How to calculate weighted average for 0 values

Question

I am facing an issue in performing a weighted average logic in excel.
I am looking at 4 fields for different deliverables: Total, Complete, Pending and Weight.

The weighted average for a particular deliverable is calculated as : (Complete/Total) * Weight for example ((5/10) * 0.20) = 10%

For each of the deliverable, I have calculated the % and then added all of the % together.
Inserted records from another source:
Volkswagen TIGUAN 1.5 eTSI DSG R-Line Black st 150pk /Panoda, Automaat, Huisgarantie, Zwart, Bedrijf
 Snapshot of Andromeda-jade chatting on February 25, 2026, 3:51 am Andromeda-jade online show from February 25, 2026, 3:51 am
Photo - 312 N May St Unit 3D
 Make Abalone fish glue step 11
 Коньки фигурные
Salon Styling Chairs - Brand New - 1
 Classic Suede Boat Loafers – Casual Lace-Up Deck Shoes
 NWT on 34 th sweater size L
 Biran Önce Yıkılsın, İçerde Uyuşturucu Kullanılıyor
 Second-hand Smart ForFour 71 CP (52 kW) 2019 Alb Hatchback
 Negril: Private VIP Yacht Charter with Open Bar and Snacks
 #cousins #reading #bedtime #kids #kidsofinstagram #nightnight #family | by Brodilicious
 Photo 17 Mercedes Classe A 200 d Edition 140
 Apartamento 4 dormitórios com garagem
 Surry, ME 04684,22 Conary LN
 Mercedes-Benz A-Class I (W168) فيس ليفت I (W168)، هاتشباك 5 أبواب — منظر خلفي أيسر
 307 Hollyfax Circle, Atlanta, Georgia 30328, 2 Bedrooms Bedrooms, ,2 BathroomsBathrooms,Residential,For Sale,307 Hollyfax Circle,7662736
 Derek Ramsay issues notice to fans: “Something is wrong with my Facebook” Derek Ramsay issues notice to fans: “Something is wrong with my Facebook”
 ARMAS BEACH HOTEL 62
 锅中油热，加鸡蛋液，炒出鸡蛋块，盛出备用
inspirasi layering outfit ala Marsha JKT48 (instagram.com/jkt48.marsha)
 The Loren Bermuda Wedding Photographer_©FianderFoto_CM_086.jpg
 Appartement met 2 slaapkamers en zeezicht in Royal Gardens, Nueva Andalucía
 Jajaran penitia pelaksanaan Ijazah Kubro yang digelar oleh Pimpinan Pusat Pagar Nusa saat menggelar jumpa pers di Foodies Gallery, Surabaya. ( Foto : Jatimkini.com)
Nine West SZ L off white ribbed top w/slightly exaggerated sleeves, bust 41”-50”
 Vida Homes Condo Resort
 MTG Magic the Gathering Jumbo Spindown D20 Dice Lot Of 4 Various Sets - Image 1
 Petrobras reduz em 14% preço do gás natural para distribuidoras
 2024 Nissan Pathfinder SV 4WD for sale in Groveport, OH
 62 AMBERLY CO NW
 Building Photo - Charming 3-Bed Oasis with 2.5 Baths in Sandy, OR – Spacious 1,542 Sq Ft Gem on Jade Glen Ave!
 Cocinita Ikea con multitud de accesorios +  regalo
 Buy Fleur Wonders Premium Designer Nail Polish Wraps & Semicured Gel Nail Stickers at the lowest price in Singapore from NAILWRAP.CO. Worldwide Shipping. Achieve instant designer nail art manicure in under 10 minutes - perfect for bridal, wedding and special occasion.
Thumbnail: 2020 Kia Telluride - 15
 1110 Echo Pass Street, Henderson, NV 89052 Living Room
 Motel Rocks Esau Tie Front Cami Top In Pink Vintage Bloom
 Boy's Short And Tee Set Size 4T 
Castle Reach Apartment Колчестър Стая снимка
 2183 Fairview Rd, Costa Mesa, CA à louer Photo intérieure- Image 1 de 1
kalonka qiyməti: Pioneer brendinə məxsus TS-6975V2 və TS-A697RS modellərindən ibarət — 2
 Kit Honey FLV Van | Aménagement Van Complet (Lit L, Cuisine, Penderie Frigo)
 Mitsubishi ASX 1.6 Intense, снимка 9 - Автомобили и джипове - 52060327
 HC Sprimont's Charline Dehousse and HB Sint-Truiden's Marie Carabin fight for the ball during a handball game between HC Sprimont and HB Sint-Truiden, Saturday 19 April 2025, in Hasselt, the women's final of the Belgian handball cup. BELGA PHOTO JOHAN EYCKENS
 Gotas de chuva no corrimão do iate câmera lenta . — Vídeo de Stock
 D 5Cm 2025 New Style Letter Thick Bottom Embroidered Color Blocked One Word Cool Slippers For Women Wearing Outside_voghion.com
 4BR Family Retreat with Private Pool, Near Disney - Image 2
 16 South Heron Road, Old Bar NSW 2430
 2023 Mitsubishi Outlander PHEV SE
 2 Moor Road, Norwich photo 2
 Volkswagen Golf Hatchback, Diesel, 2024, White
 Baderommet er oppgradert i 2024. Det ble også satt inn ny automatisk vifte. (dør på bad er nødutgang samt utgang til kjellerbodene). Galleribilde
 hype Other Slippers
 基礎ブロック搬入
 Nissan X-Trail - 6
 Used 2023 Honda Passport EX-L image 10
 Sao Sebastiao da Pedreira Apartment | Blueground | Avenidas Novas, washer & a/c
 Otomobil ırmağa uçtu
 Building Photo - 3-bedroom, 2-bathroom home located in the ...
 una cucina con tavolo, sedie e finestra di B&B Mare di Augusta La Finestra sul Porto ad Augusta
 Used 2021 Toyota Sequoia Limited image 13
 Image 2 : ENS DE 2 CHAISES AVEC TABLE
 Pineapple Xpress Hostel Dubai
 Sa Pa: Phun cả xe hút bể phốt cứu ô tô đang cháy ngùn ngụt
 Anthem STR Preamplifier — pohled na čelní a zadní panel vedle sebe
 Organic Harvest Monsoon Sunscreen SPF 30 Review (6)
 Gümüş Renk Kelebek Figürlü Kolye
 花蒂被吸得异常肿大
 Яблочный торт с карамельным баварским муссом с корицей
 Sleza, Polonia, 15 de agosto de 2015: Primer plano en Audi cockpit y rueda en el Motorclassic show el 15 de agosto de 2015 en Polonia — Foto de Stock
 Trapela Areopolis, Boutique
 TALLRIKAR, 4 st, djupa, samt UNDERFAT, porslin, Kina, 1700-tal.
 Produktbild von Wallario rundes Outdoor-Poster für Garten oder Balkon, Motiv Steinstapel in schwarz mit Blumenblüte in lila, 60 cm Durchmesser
Deliverable 1 - 10 = 10% + 20% + 5% + .... = 65%

My question is:
if for a particular deliverable, the available field is 'Not Applicable' or '0', then the weighted average for that deliverable will be 0%. There by, the total will be on a lower side. So, is there a better way to represent this? How can I solve this issue?

I believe you should elaborate your question more, i am finding it difficult to understand.What does `the available field is 'Not Applicable' or '0'` mean ? — frunkad, Aug 30 '16 at 08:44
For a few deliverable, there might be no Total or Available volume. so it will be 0. If it is 0, then the weighted average for that deliverable will be 0% which compromises the weighted average aggregation for all deliverables — Rikin, Aug 30 '16 at 08:47

ABrowne · Accepted Answer · 2016-08-31T13:40:20.790

0

Ok, so if I am understanding you correctly you are saying the following:

(complete/total) * weight = weighted_average

Where this is one of many weighted averages that will be summed to provide a total_deliverable_value.

You have a case where this algorithm outputs 0% for a weighted_average due to a data issue. This is falsely lowering the total_deliverable_value.

Options:

add assumed values for missing data (clearly mark them as assumed rather than recorded fact)
Have a standard weight for missing data. For example, all missing data gets 20%
Go source the missing data
Change how you are calculating the total_deliverable_value, i.e

instead of:

total_deliverable_value = sum(weighted_average::weighted_average)

use something like this:

total_deliverable_value = sum(weighted_average::weighted_average) / count_of_data_values

where count_of_data_values is the number of non-missing data values you had.

Updated based on comments

You have to change the formula for all calculations. So take a current 'perfect' scenario of 100% such as 5x weighted_averages where weighted_average = 0.2 (20%)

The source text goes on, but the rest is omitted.